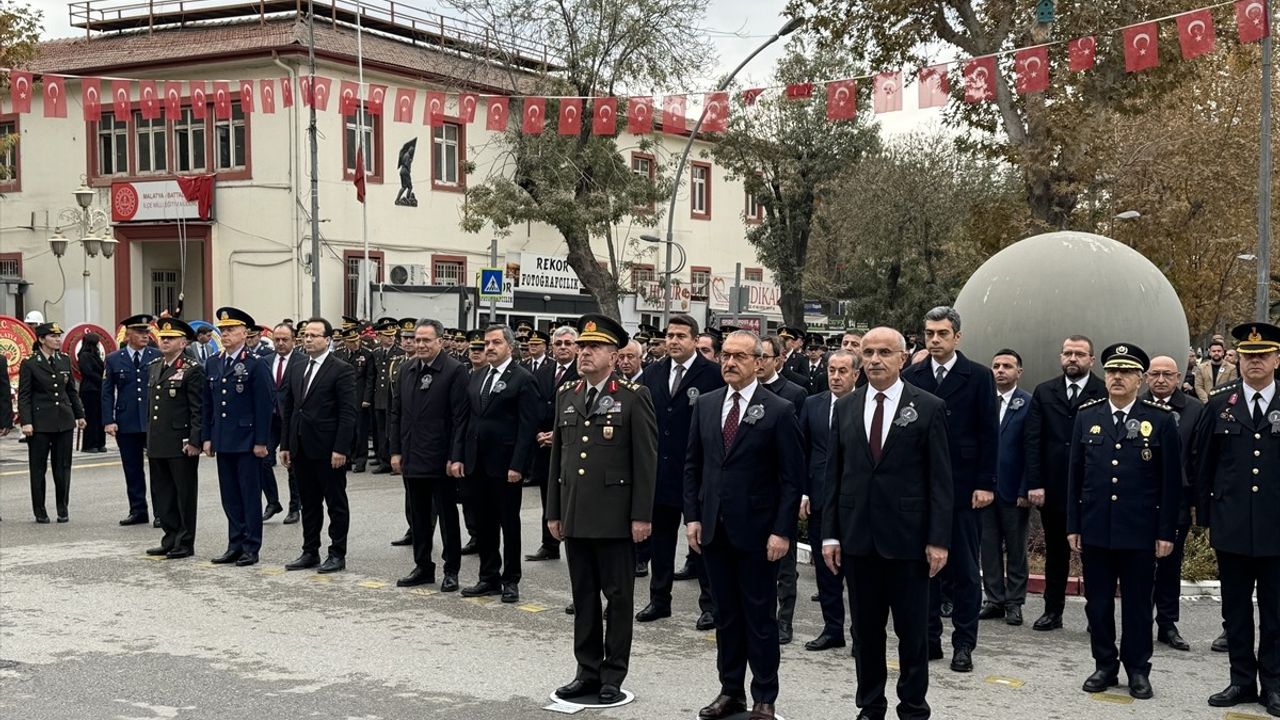 Büyük Önder Atatürk'ü Anma Törenleri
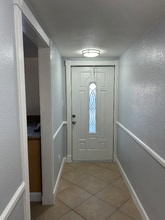 645 Beachcomber Ln in Fort Pierce, FL - Foto de edificio - Building Photo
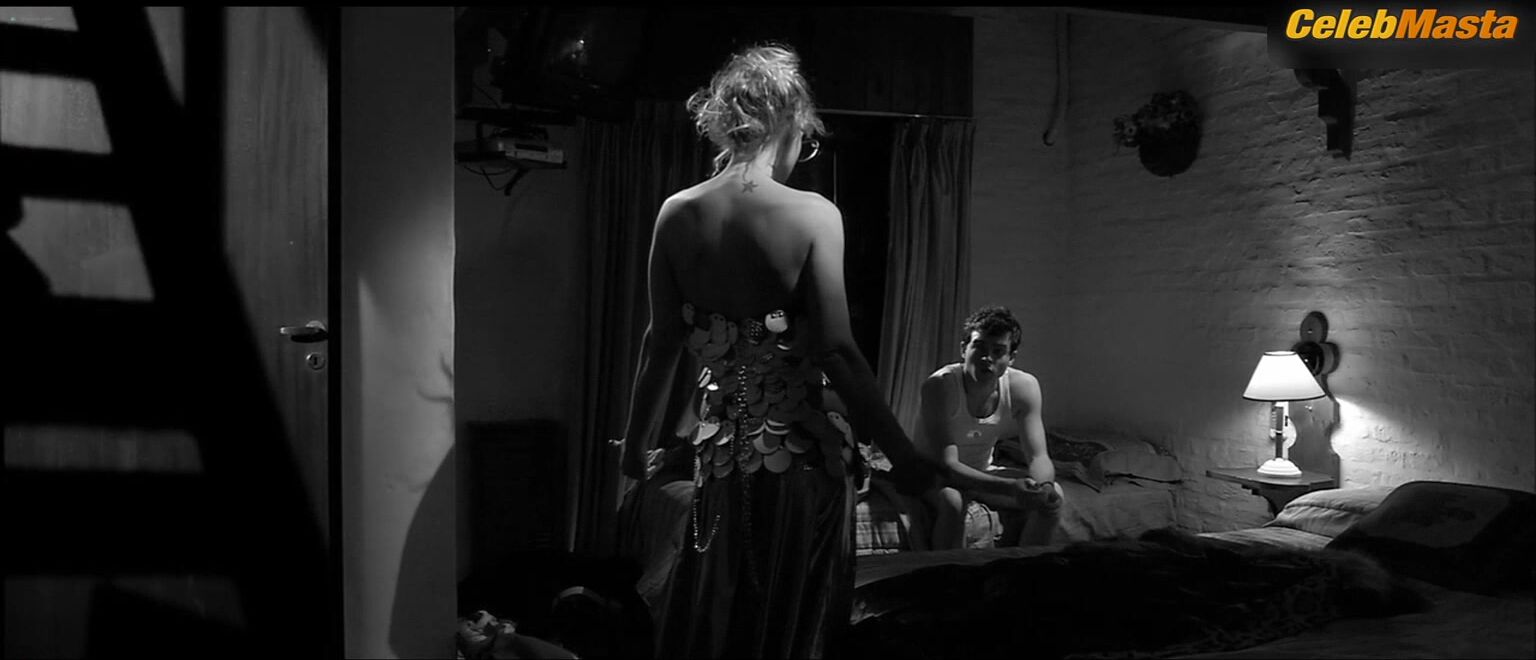 Leticia Bredice Maribel Verdu, And Sofia Castiglione Tits - Photo 1 of 5 photo 5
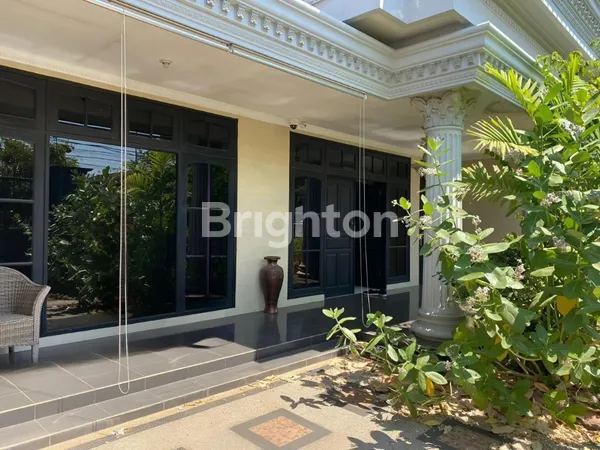 image RUMAH MEWAH KLASIK DHARMAHUSADA SURABAYA DEKAT GALAXY MALL, KERTAJAYA (4)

--------

▶ TASK TO CARRY OUT:
Please give back exactly, and with no pictures, the lines from where the listing above begins through the line containing "Leticia Bredice Maribel".

▶ SOLUTION BELOW:
 Büyük Önder Atatürk'ü Anma Törenleri
 645 Beachcomber Ln in Fort Pierce, FL - Foto de edificio - Building Photo
 Leticia Bredice Maribel Verdu, And Sofia Castiglione Tits - Photo 1 of 5 photo 5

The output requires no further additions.